## WORK INSTRUCTION
Print out the data exactly, keeping every image out of it.

## DATA FOR PROCESSING
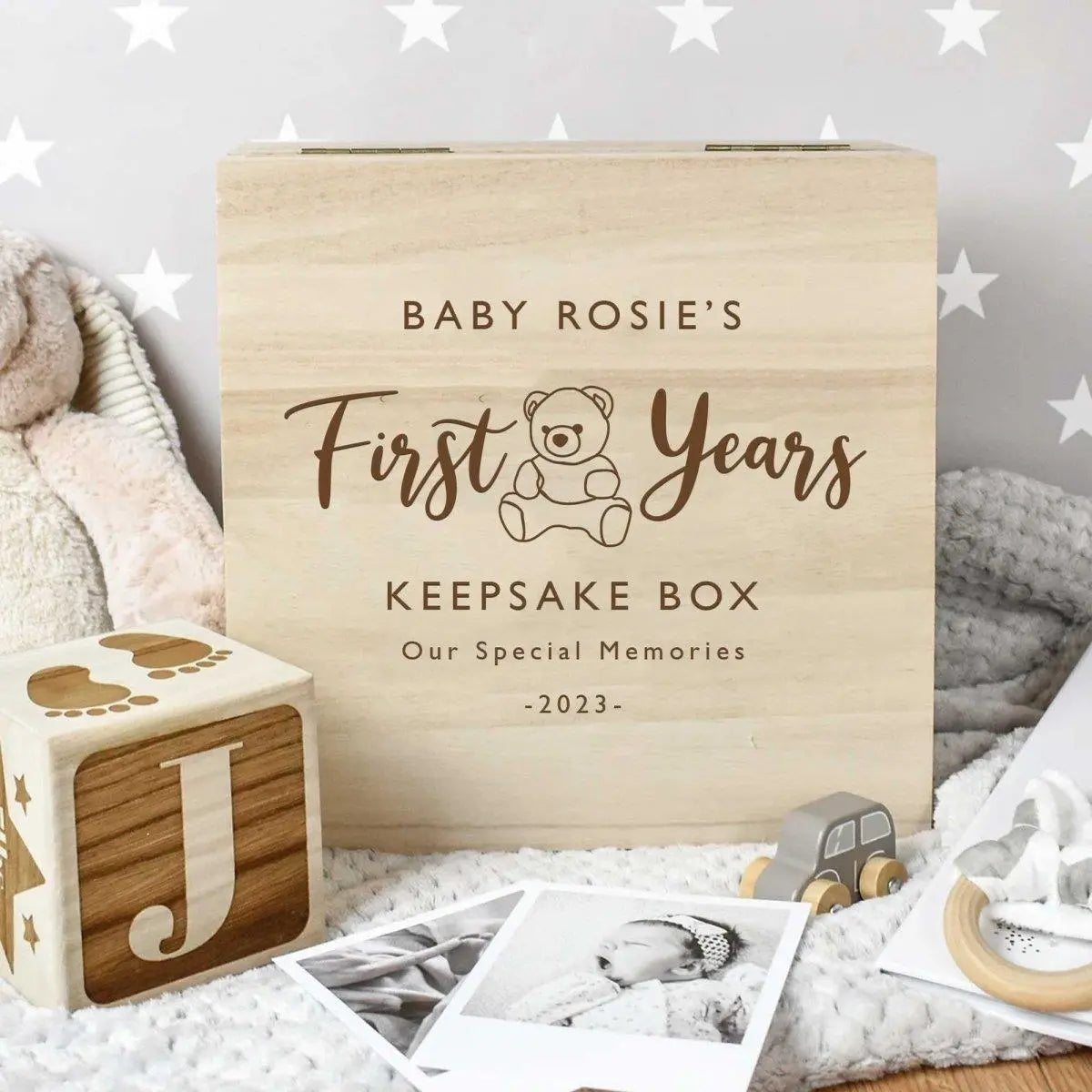 Wooden Baby Keepsake Box Personalised New Baby Large Wooden Memory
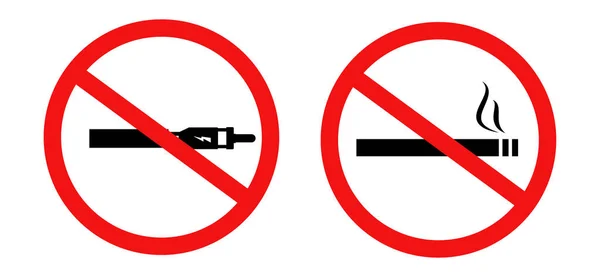 Nincs Dohányzás Nincs Gőzölgő Jel Vektormatrica — Stock Vector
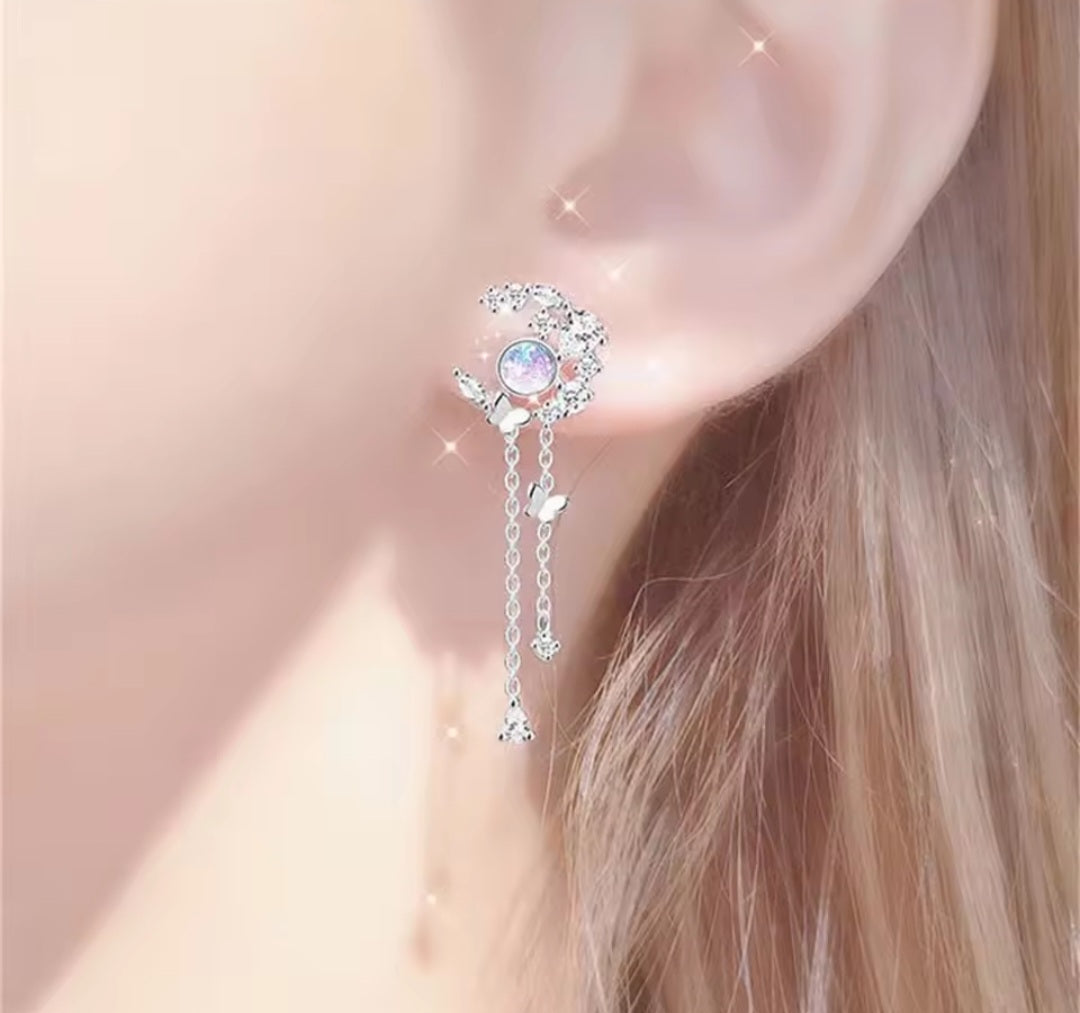 Moonlit Butterfly Drop Earrings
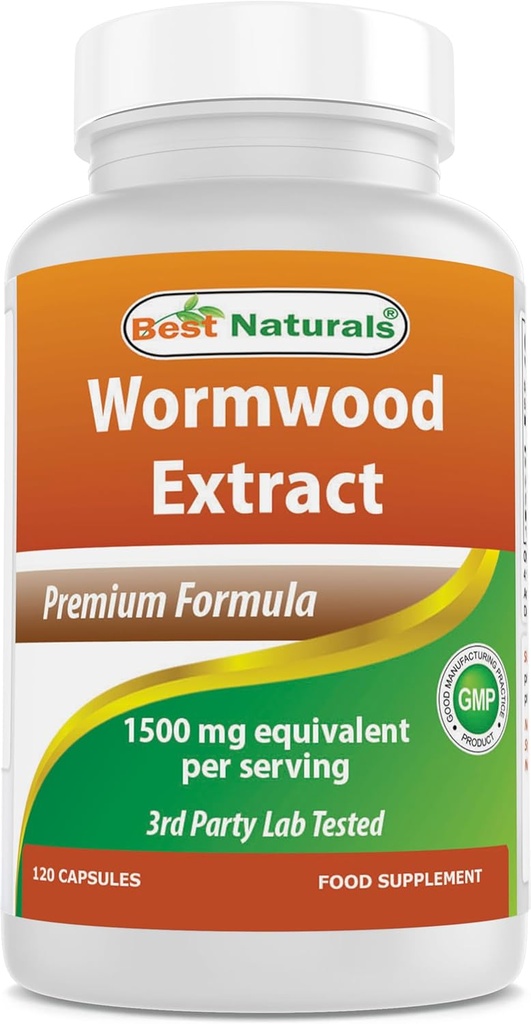 Bedste Naturals Wormwood Extract 1500 mg Equivalent Per Serving- 120 Kapsler. Gluten Free, non-GMO
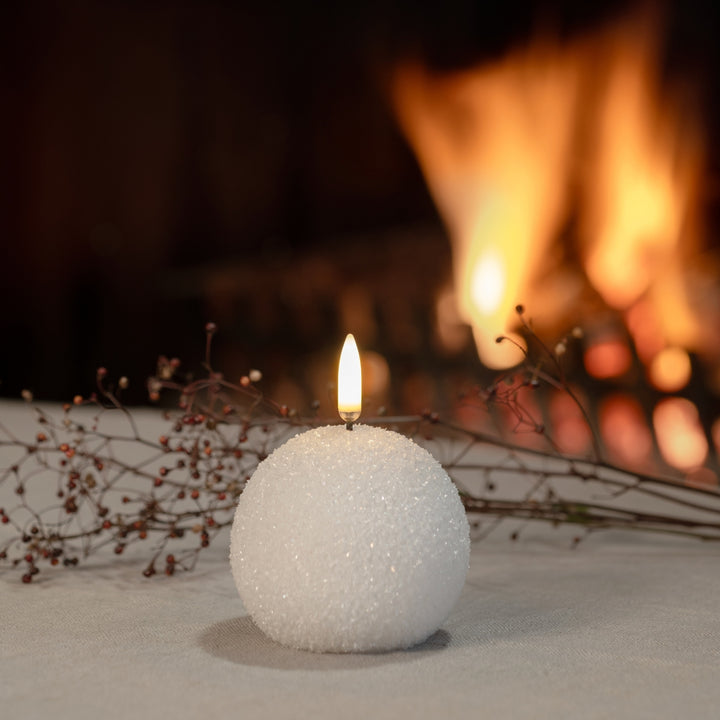 White Glitter Snowball LED Candle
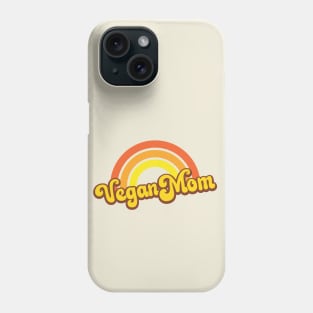 Vegan Mom Retro Rainbow Orange Phone Case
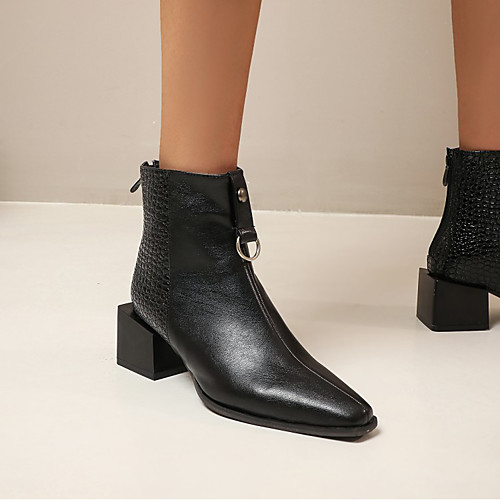 

Women's Boots Block Heel Boots Animal Print Chunky Heel Pointed Toe Booties Ankle Boots Classic Daily Walking Shoes PU Buckle Color Block Black / White White Black / Mid-Calf Boots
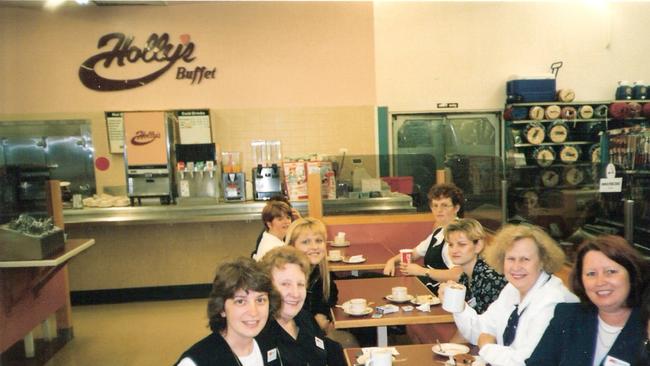 Kmart Blacktown staff enjoy a meal at Holly’s Cafe, which closed in the early 2000s. Picture: Supplied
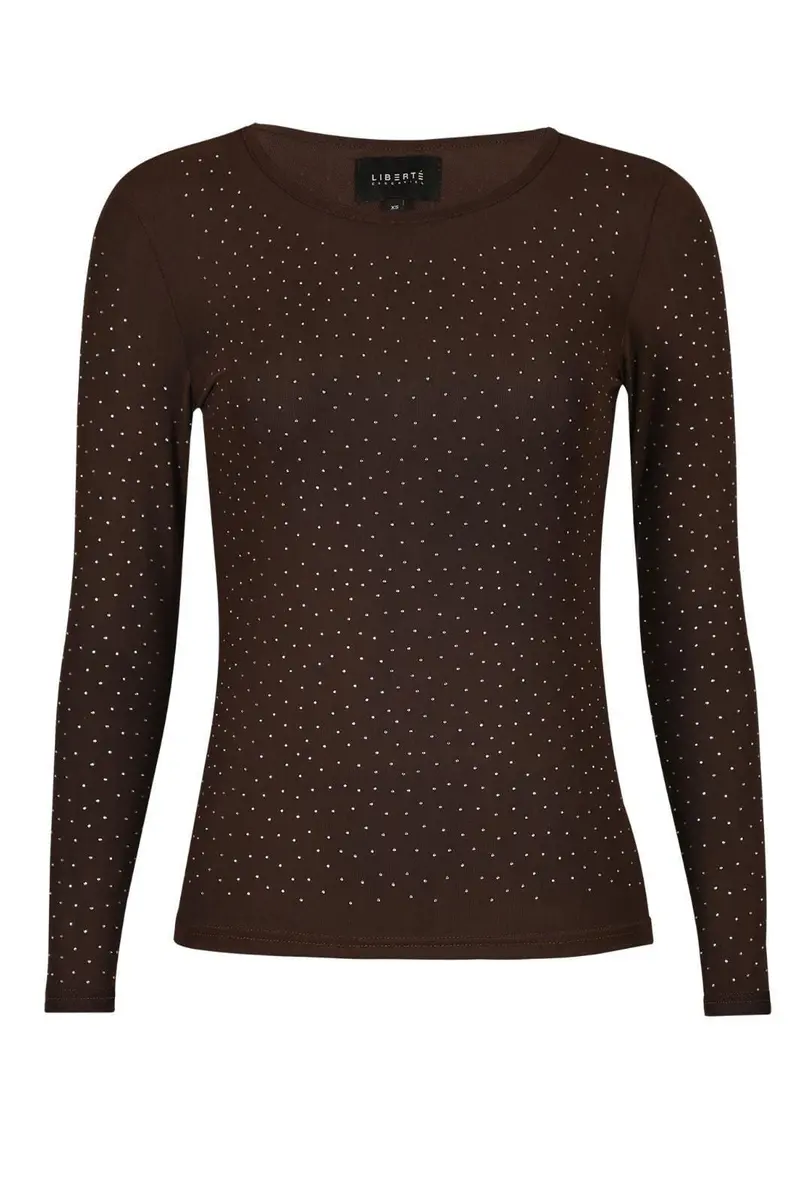 Liberte - Mesh-Ls-Sparkle-Tshirt 22134 - Dark Brown Diamond Dot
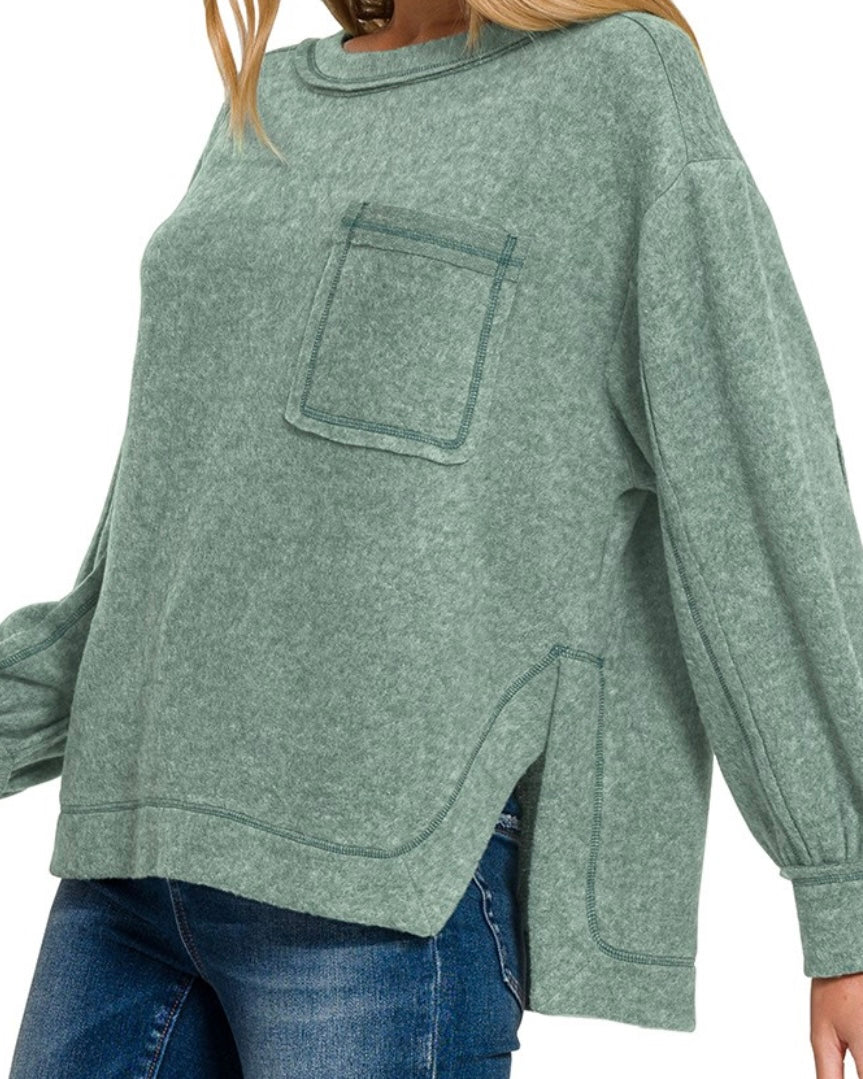 Brushed Ash Jade Hi-Low Sweater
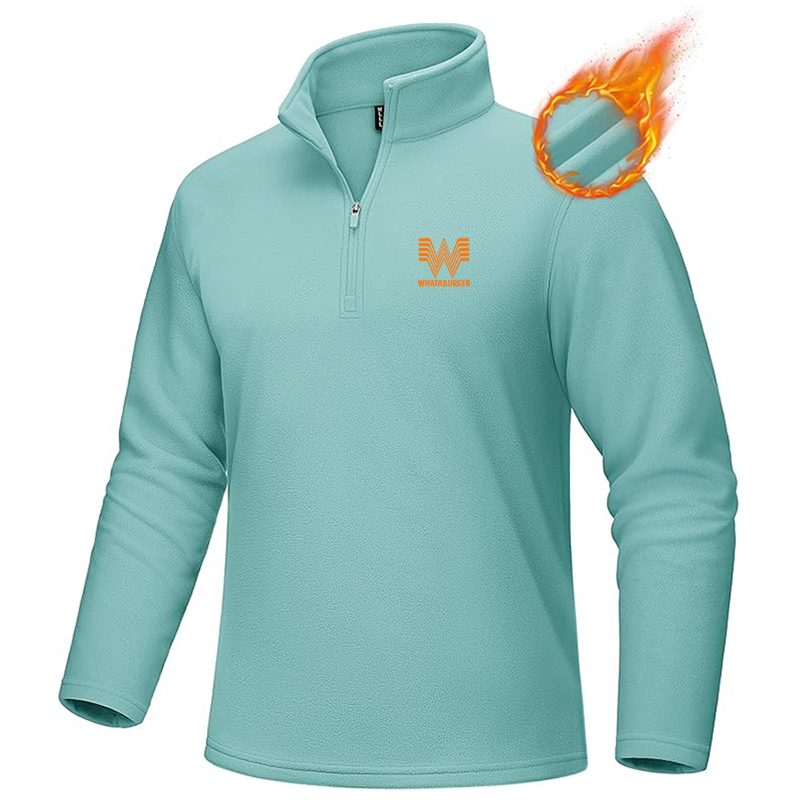 Men's What A Burger MAGCOMSEN Quarter-Zip Pullover Polar Fleece Sweatshirt Stand Collar Long Sleeve Shirt for Men Thermal Winter Fall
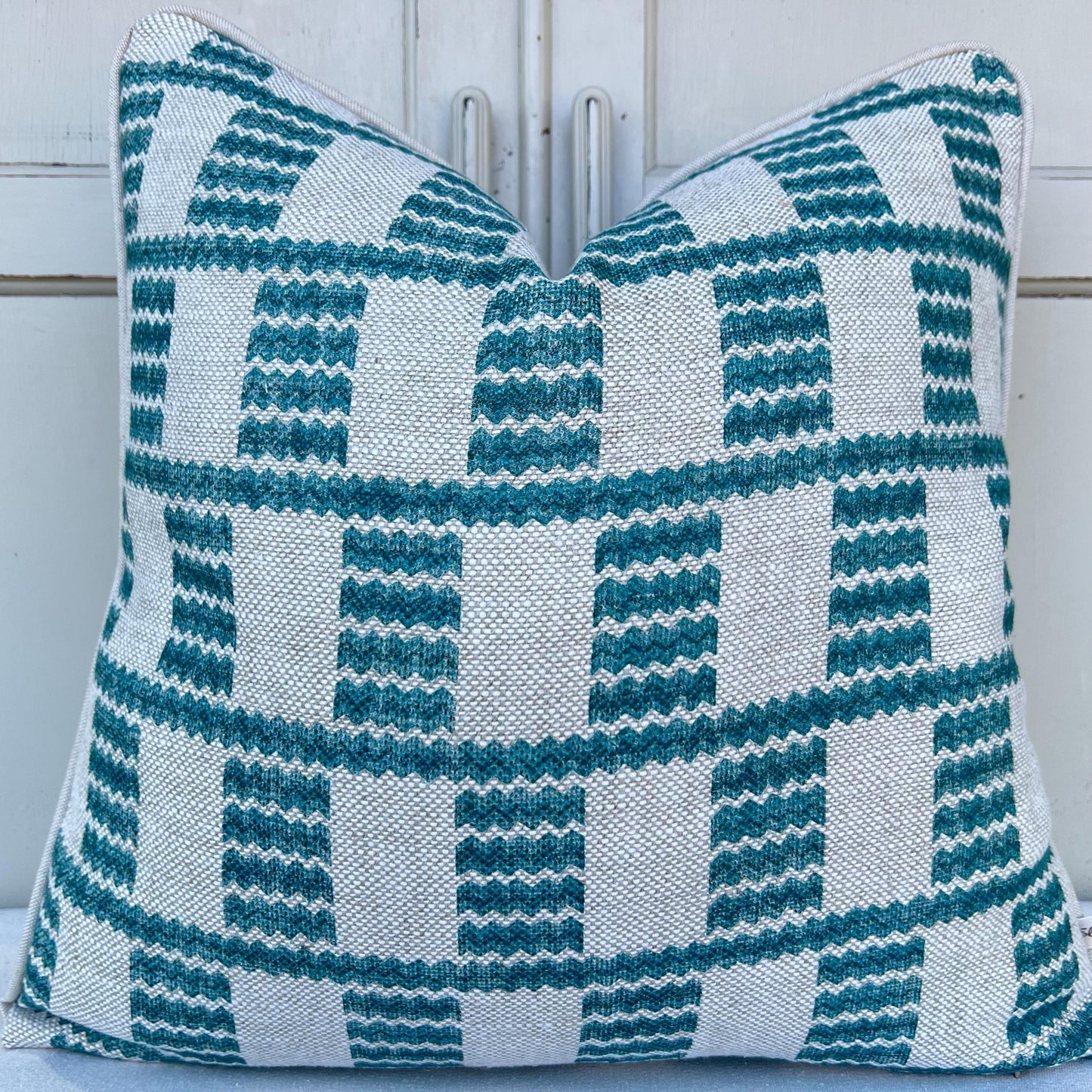 Cushions Made In Fermoie Cove Linen Luxury Designer Decorative Teal Neutral Cushion Pillow Throw Cover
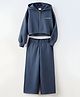 ALAN JONES Cotton Blend Knit Full Sleeves Solid Winter Hooded Sweatjacket & Flared Pants Set - Blue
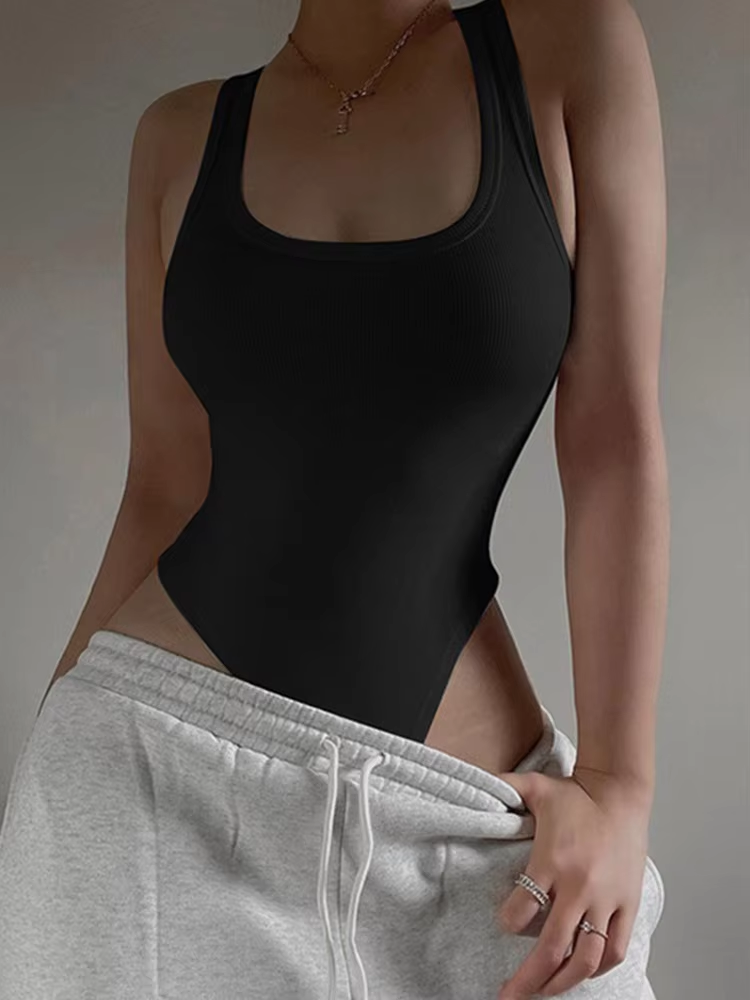 Sleeveless Knit Halter Bodysuit – Sexy Off-Shoulder Bodycon Top for Clubwear & Casual Streetwear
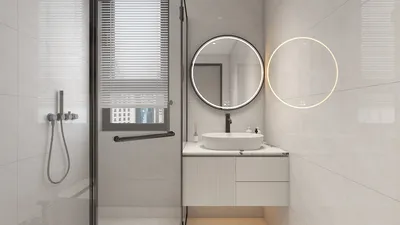 modern bathroom design featuring a sleek shower area and a circular mirror, showcasing minimalist aesthetics and functionality, ideal for contemporary interior decor with Homestyler's real-time 3D rendering capability.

## OUTPUT BELOW
 Wooden Baby Keepsake Box Personalised New Baby Large Wooden Memory
 Nincs Dohányzás Nincs Gőzölgő Jel Vektormatrica — Stock Vector
 Moonlit Butterfly Drop Earrings
 Bedste Naturals Wormwood Extract 1500 mg Equivalent Per Serving- 120 Kapsler. Gluten Free, non-GMO
 White Glitter Snowball LED Candle
 Vegan Mom Retro Rainbow Orange Phone Case

Women's Boots Block Heel Boots Animal Print Chunky Heel Pointed Toe Booties Ankle Boots Classic Daily Walking Shoes PU Buckle Color Block Black / White White Black / Mid-Calf Boots
 Kmart Blacktown staff enjoy a meal at Holly’s Cafe, which closed in the early 2000s. Picture: Supplied
 Liberte - Mesh-Ls-Sparkle-Tshirt 22134 - Dark Brown Diamond Dot
 Brushed Ash Jade Hi-Low Sweater
 Men's What A Burger MAGCOMSEN Quarter-Zip Pullover Polar Fleece Sweatshirt Stand Collar Long Sleeve Shirt for Men Thermal Winter Fall
 Cushions Made In Fermoie Cove Linen Luxury Designer Decorative Teal Neutral Cushion Pillow Throw Cover
 ALAN JONES Cotton Blend Knit Full Sleeves Solid Winter Hooded Sweatjacket & Flared Pants Set - Blue
 Sleeveless Knit Halter Bodysuit – Sexy Off-Shoulder Bodycon Top for Clubwear & Casual Streetwear
 modern bathroom design featuring a sleek shower area and a circular mirror, showcasing minimalist aesthetics and functionality, ideal for contemporary interior decor with Homestyler's real-time 3D rendering capability.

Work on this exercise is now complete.